The records section start

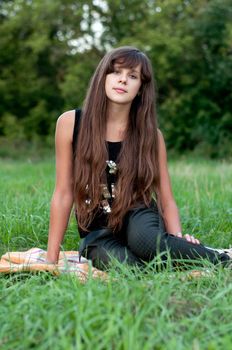 Brunette teen girl on nature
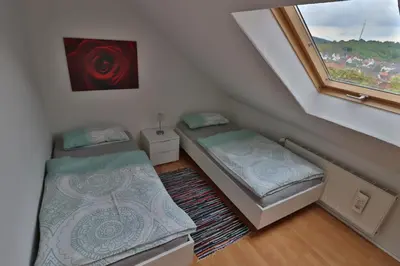 Ein Bett oder Betten in einem Zimmer der Unterkunft Ferienwohnung Mömlingtal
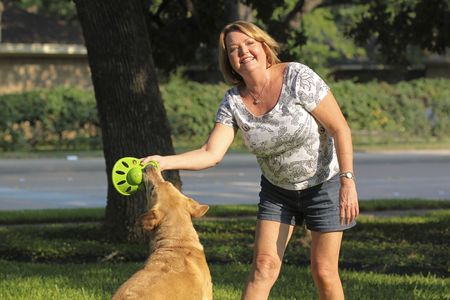 Mature woman playing with her dog.の写真素材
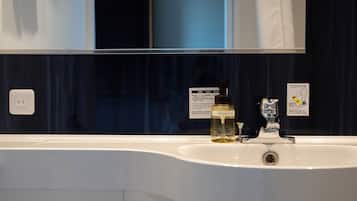 Un baño con un lavamanos blanco, un espejo y una pared azul oscuro. Hay un cartel con texto en japonés y una botella de jabón para manos.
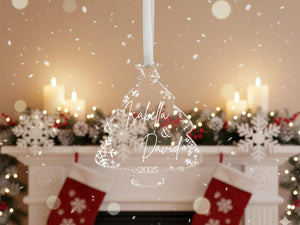 A Christmas ornament with the names "Isabella & David" and the year "2025" is hanging in front of a fireplace decorated with snowflakes and candles.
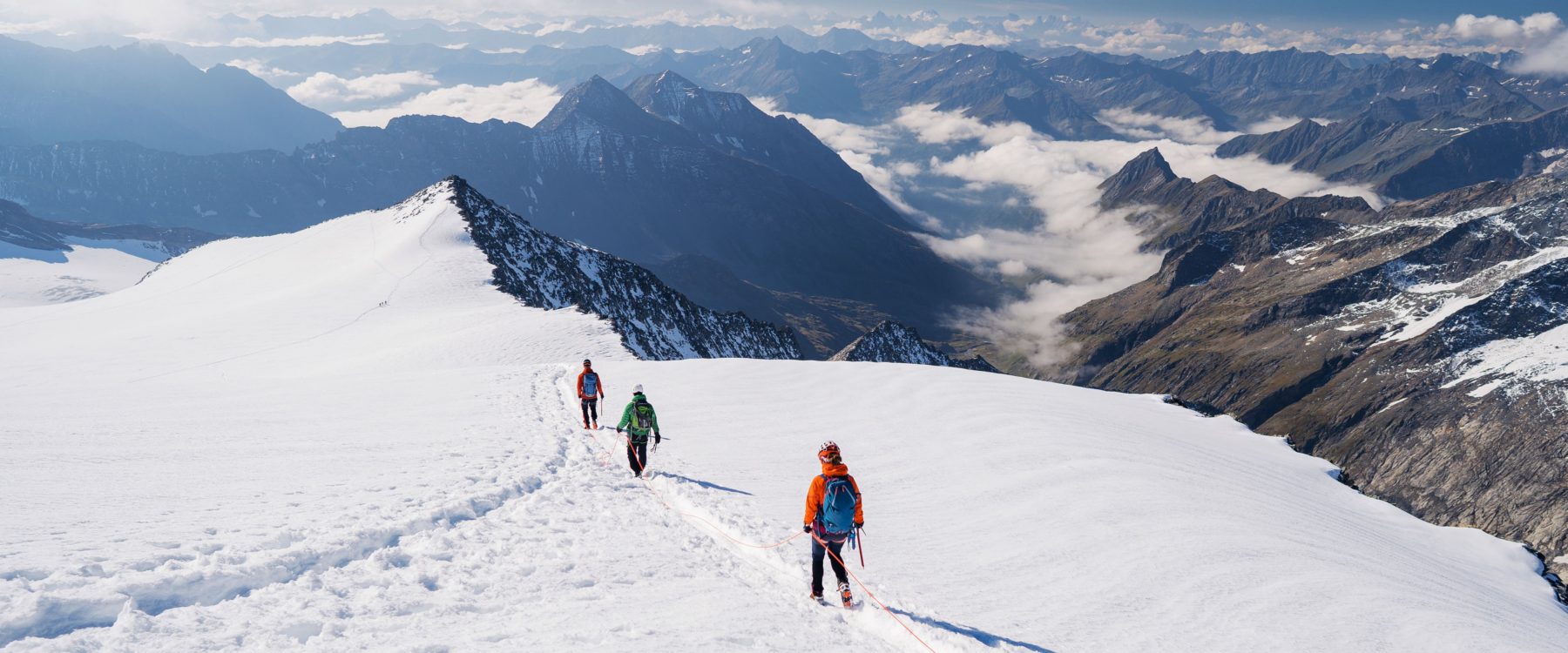 Group of people hiking over top of mountain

The records section end

* Work instructions
Word for word, restate the lines from the one containing "Ein Bett oder" through the end of the entries. Do not include pictures.

* Answer to the problem
 Ein Bett oder Betten in einem Zimmer der Unterkunft Ferienwohnung Mömlingtal
 Mature woman playing with her dog.の写真素材
 Un baño con un lavamanos blanco, un espejo y una pared azul oscuro. Hay un cartel con texto en japonés y una botella de jabón para manos.
 A Christmas ornament with the names "Isabella & David" and the year "2025" is hanging in front of a fireplace decorated with snowflakes and candles.
 Group of people hiking over top of mountain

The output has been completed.